* DATA LISTING:
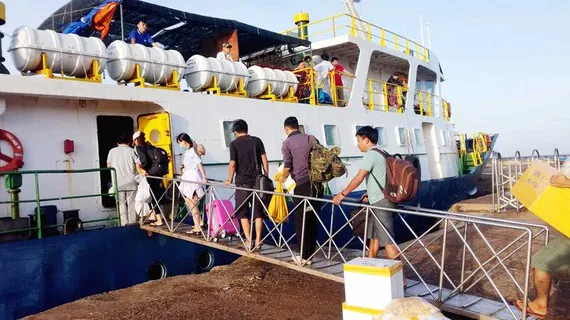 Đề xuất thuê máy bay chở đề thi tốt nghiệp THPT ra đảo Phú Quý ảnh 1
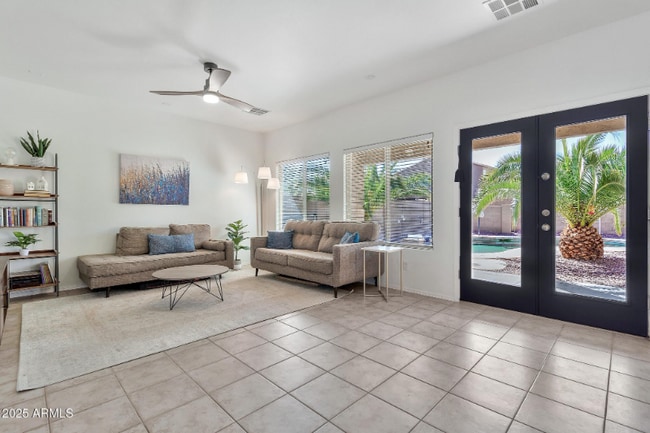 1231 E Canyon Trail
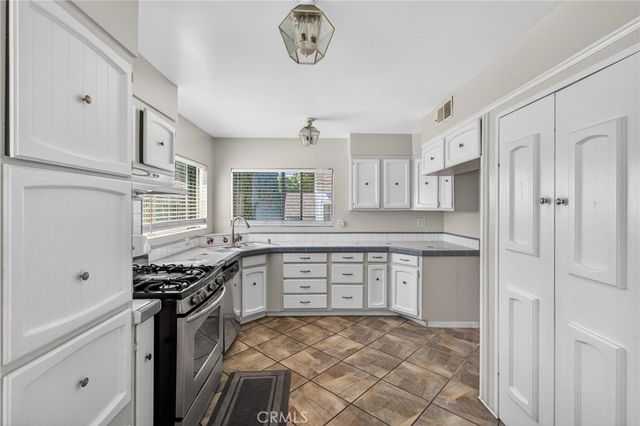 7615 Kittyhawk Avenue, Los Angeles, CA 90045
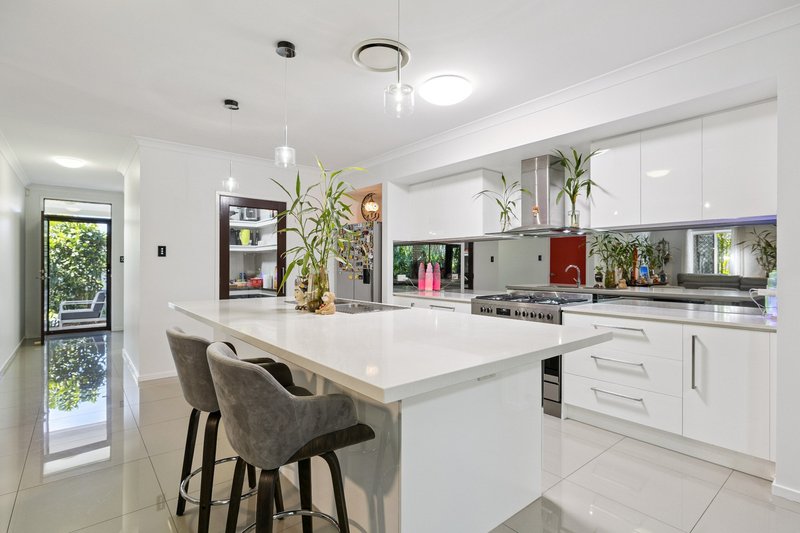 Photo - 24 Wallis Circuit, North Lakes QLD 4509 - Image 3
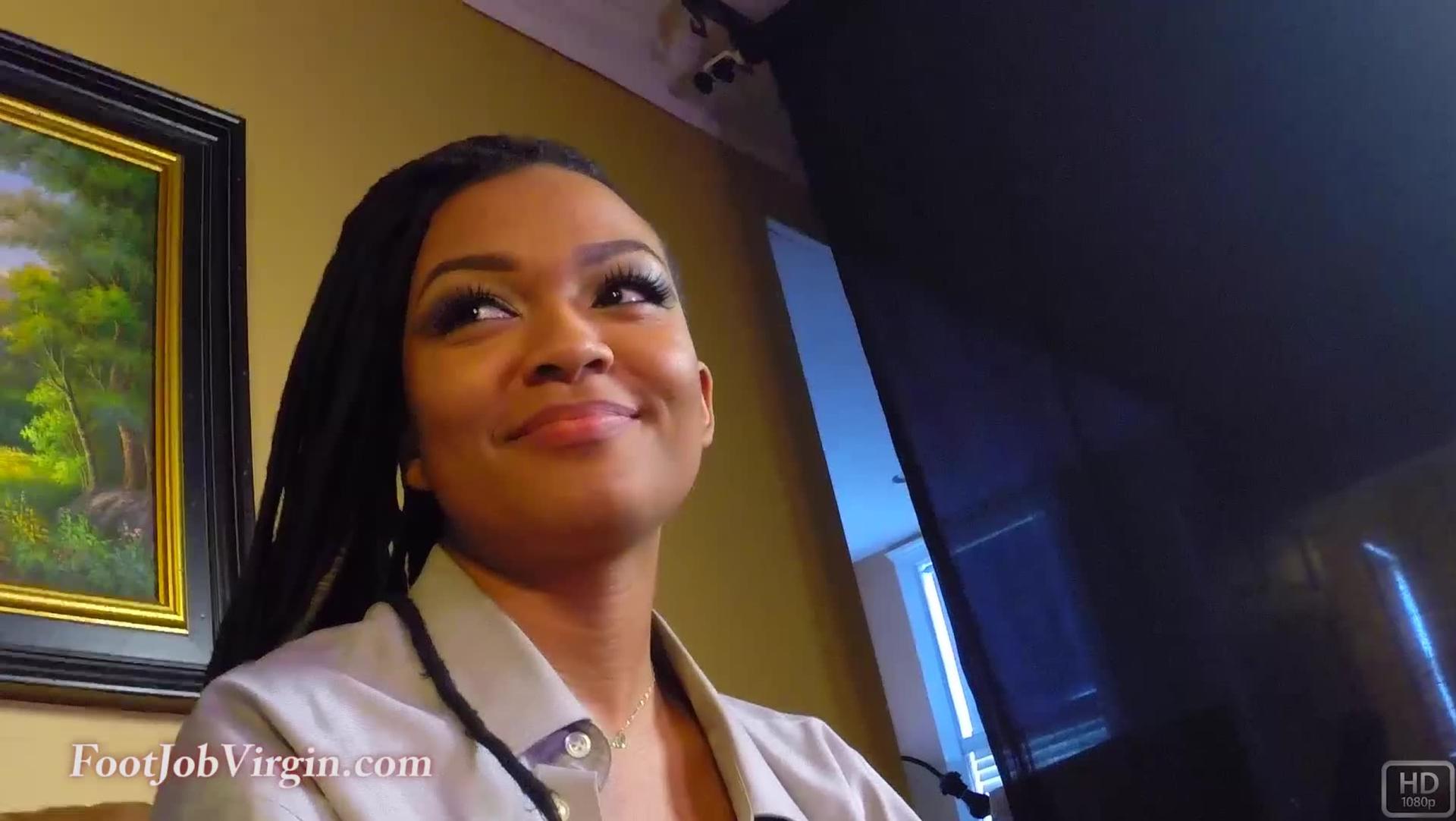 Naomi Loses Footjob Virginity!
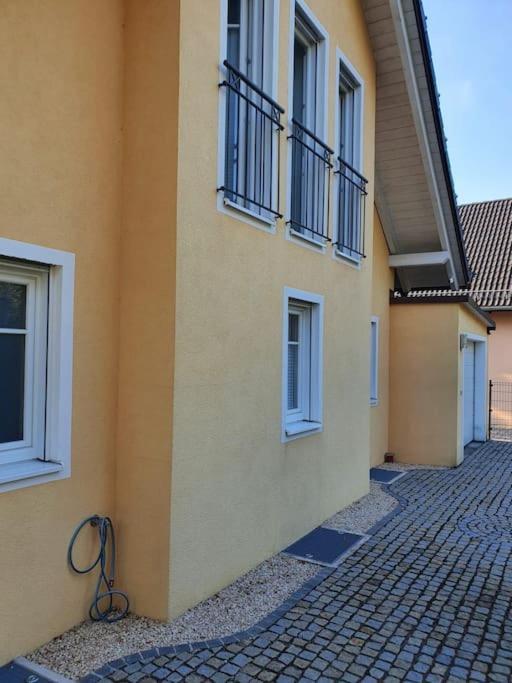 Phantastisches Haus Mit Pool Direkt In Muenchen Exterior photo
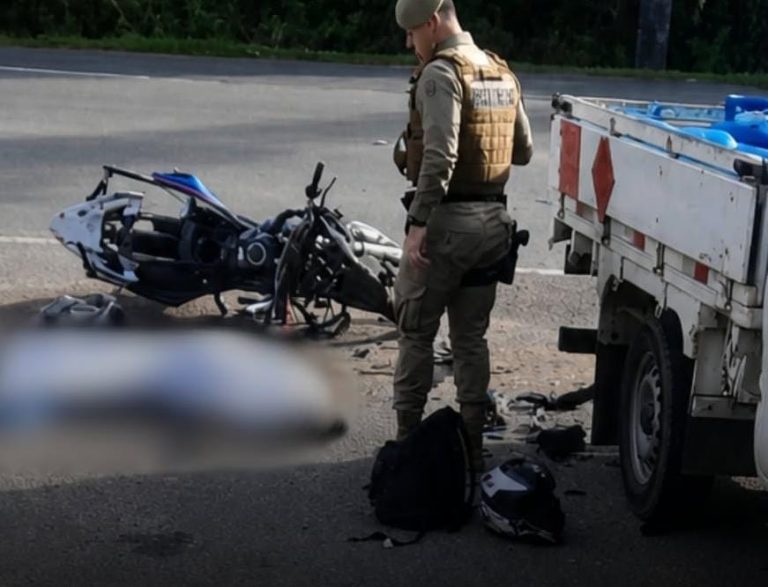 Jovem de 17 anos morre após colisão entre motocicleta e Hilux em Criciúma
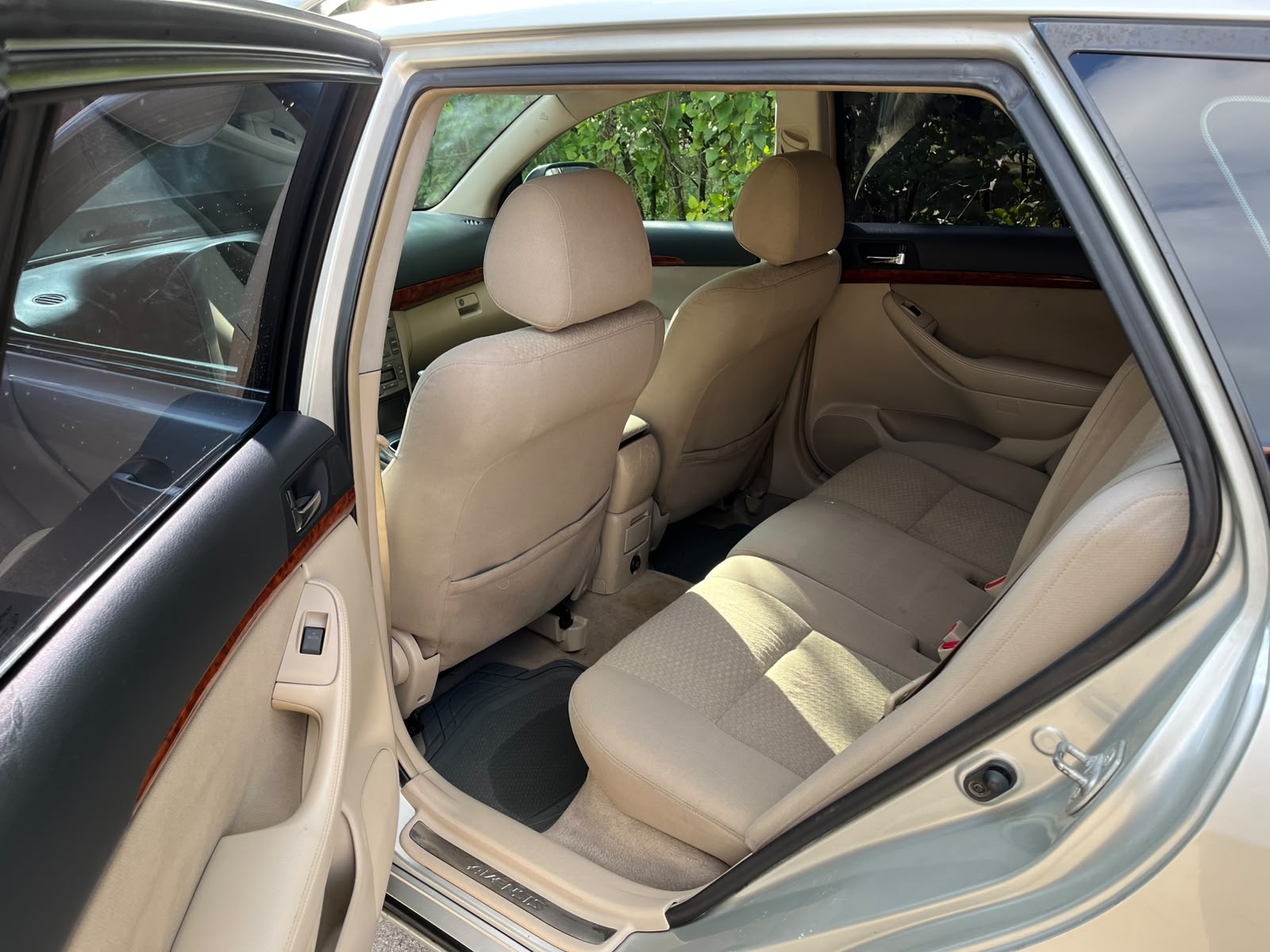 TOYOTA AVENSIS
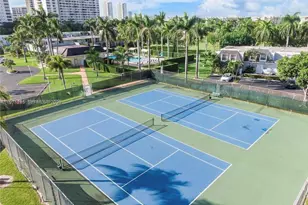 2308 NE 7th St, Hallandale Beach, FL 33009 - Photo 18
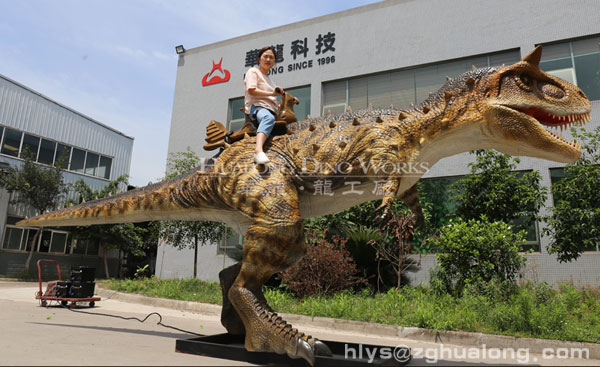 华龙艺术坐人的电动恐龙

* YOUR OBJECTIVE:
Every line of the data is to be transcribed exactly, and no picture is to be included.

* RESULT OF THE TASK:
 Đề xuất thuê máy bay chở đề thi tốt nghiệp THPT ra đảo Phú Quý ảnh 1
 1231 E Canyon Trail
 7615 Kittyhawk Avenue, Los Angeles, CA 90045
 Photo - 24 Wallis Circuit, North Lakes QLD 4509 - Image 3
 Naomi Loses Footjob Virginity!
 Phantastisches Haus Mit Pool Direkt In Muenchen Exterior photo
 Jovem de 17 anos morre após colisão entre motocicleta e Hilux em Criciúma
 TOYOTA AVENSIS
 2308 NE 7th St, Hallandale Beach, FL 33009 - Photo 18
 华龙艺术坐人的电动恐龙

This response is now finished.